En uno de sus libros, Walter Benjamin recoge un cuentecito judío que reconstruyo ahora de memoria. Una noche de invierno –nos cuenta– se habían reunido los hebreos más pobres de Praga bajo un techo inhóspito para calentarse el cuerpo con un sorbo de té y el alma con una cerilla de verbos, cuando a uno de ellos, en medio de la conversación, se le ocurrió plantear la siguiente pregunta: ¿cuál sería vuestro máximo deseo? Cada uno de los presentes fue exponiendo por turno sus sueños. A uno le habría gustado ser rico, a otro comprarse una vaca, a otro casar bien a su hija, a otro convertirse en un gran artista. Así fueron hablando todos hasta que, cuando el último guardó silencio, se dieron cuenta de la presencia de un judío en el que nadie había reparado hasta entonces. Sentado en un rincón, cubierto tan solo con una camisa, flaco y tembloroso, parecía sin duda el más miserable de todos ellos. Le preguntaron: ¿y a ti? ¿A ti qué te gustaría? El judío respondió con esta larga y extraña parrafada: "A mí me gustaría ser el rey poderosísimo de un reino vasto y opulento y vivir en un gran palacio servido por cien criados y estar una noche durmiendo bajo el dosel de mi lecho y ser despertado por el clarín de alarma y saltar desnudo de la cama y asomarme asustado a la azotea y adivinar a lo lejos la muchedumbre de un ejército enemigo y verlo acercarse irresistible doblegando toda resistencia y saberme entonces derrotado y perdido y escapar de palacio a toda prisa con tiempo solo para coger una camisa y vagar toda la noche sin descanso y, después de mil peripecias y mil trabajos, llegar hasta este rincón donde ahora me hallo para sentarme aliviado a lamentar mi suerte". Los otros judíos lo miraron perplejos. "¿Y qué habrías ganado con eso?", le preguntaron. El judío más pobre respondió: "Una camisa".

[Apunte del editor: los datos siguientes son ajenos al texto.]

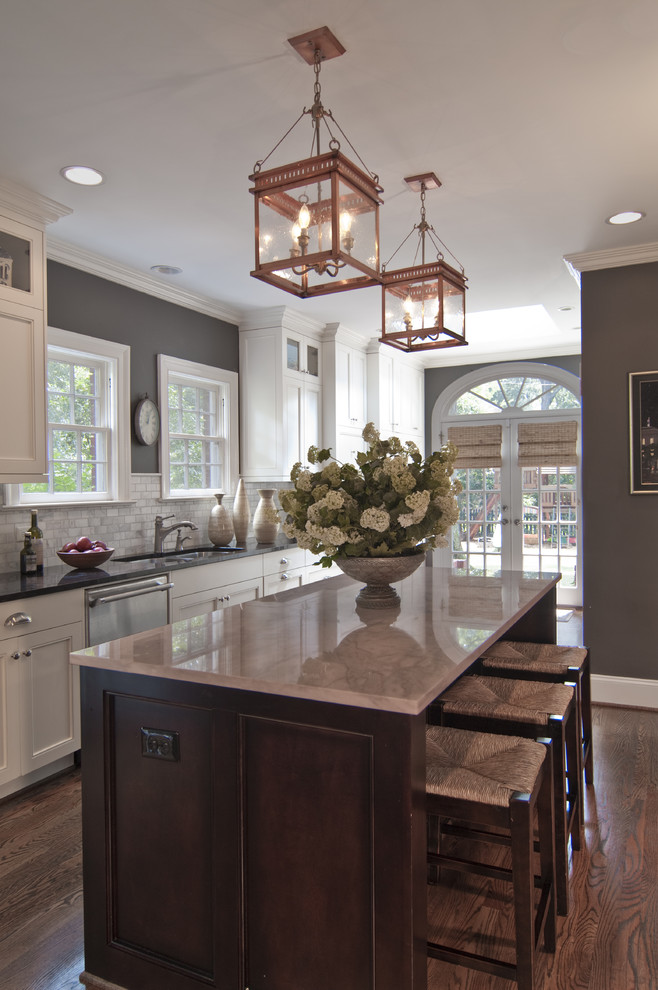 Elegant kitchen photo in Charlotte with white backsplash, stone tile backsplash, white cabinets, recessed-panel cabinets and a double-bowl sink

Poco se sabe de la palabra "camisa", que entra en el tardolatín bajo la forma camisia y cuyo origen, según Corominas, puede ser germánico o anglosajón: una palabra que nace no lejos del momento en el que el gran Isidoro de Sevilla escribe sus Etimologías. Allí, en el capítulo dedicado a "las naves, edificios y vestidos" (XIX, 22, 22) dice con toda naturalidad: "A las camisas (camisiae) suele aplicárseles este nombre porque con ellas dormimos en la cama". Aunque un poco antes, al hablar de las vestiduras talares de los sacerdotes, se ha referido a la podere, "vulgarmente llamada camisa", Isidoro identifica esta prenda con la que todavía hoy llamamos "camisón": un indumento nocturno pensado para dormir. Su etimología, como tantas otras suyas, es probablemente fantasiosa, pues el término "cama", del que derivaría, se registra precisamente por primera vez en el siglo VII, un vocablo hispanorromano, tal vez prelatino, que sólo se conserva en castellano y portugués. Que en esa época, al contrario que camisia, no debía ser de uso frecuente lo demuestra el hecho de que a Isidoro le parece necesario aclarar su significado: "Con ellas dormimos en nuestras camas, es decir en nuestros lechos". Isidoro dice "stratis", colcha o colchón, y no "lectis", porque, en efecto, tal y como explica en la entrada correspondiente (XX, 11-2), "la cama es un lecho pequeño y a ras de suelo", nada que ver con los pulvinar de la gente rica o con los lecticae provistos de respaldo de los hedonistas: la "cama" era una humilde yacija –digamos– para los que dormían sin camisón. Así que, sin forzar demasiado las cosas, podríamos decir que la "camisa" es originalmente la prenda propia de los sin-lecho o, como diríamos hoy, de los sin-techo: de los que se tumban a dormir en el suelo, como el pobre judío del cuentecito de Benjamin, sin desnudarse.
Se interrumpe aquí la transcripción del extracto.